The supplies were apparently stolen by members of Puwo Gawe, a cargo cult said to be led by Sister Cora, an excommunicated Anglican nun, and Archbishop Ambo.

Security forces have been directed to detain cult leaders of the Puwo Gawe cult movement over their alleged involvement in hampering the effective distribution of relief supplies.

The cult is reported to have a following in almost all areas of the province.

Yesterday, a team of police and soldiers were deployed to Begabari village along the North Coast with orders to round up cult leaders who allegedly meddled in the efficient distribution of relief supplies transported there last Saturday.

Puwo Gawe members grabbed the supplies, claiming that the goods were cargo given to them by their ancestors.  Police are determined to arrest those responsible for disrupting distribution of desperately needed disaster relief provisions.
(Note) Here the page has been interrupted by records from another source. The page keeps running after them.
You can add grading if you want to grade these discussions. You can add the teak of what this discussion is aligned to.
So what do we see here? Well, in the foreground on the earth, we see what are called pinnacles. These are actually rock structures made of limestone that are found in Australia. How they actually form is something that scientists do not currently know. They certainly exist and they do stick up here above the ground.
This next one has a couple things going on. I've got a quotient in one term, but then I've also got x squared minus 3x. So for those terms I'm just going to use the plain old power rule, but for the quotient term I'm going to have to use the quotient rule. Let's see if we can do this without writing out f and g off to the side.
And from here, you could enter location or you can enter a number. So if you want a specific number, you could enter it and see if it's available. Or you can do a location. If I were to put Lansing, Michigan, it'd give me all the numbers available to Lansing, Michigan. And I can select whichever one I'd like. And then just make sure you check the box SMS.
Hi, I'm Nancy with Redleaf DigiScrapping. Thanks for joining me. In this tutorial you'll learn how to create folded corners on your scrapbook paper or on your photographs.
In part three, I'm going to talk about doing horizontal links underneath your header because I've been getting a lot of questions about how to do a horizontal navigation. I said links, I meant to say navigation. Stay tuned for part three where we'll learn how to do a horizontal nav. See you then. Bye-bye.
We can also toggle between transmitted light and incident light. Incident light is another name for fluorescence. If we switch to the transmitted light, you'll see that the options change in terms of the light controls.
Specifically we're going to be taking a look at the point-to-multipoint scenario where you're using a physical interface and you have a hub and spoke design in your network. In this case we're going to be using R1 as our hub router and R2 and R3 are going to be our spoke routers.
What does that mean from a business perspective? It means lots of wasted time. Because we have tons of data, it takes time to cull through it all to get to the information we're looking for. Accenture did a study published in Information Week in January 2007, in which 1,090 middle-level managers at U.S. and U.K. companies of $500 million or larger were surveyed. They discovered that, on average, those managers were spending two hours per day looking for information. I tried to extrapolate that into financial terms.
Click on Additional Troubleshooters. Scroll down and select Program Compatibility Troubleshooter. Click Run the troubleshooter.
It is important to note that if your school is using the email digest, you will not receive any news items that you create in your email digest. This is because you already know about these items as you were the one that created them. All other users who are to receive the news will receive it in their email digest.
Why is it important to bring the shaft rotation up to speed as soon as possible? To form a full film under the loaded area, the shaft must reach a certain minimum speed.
George Conger provides some background information on cargo cults in the South Pacific.

Cargo cult devotees believe in the imminence of a new age of blessing and prosperity, whose sign will be the arrival of cargo from heaven.

While the cults first arose in the mid-Nineteenth century when Melanesians first came in contact with the West, they spread quickly during World War II when the American and Australian armies established large supply depots in the region to support the allied campaigns in the Solomon Islands and New Guinea.

Cult devotees saw the influx of supplies as a sign of the millennium, and many stopped farming and hunting, turning to spam and other army foodstuffs for subsistence. God’s failure to return discouraged many, but the cults survive, led by charismatic leaders who predict the imminent arrival of cargo from heaven.

It is not yet clear whether Abp Ambo, who served as primate from 1983 to 1990, is actually associated with the cult or aided the thefts.  Allegations and unconfirmed reports are all police have to go on thus far.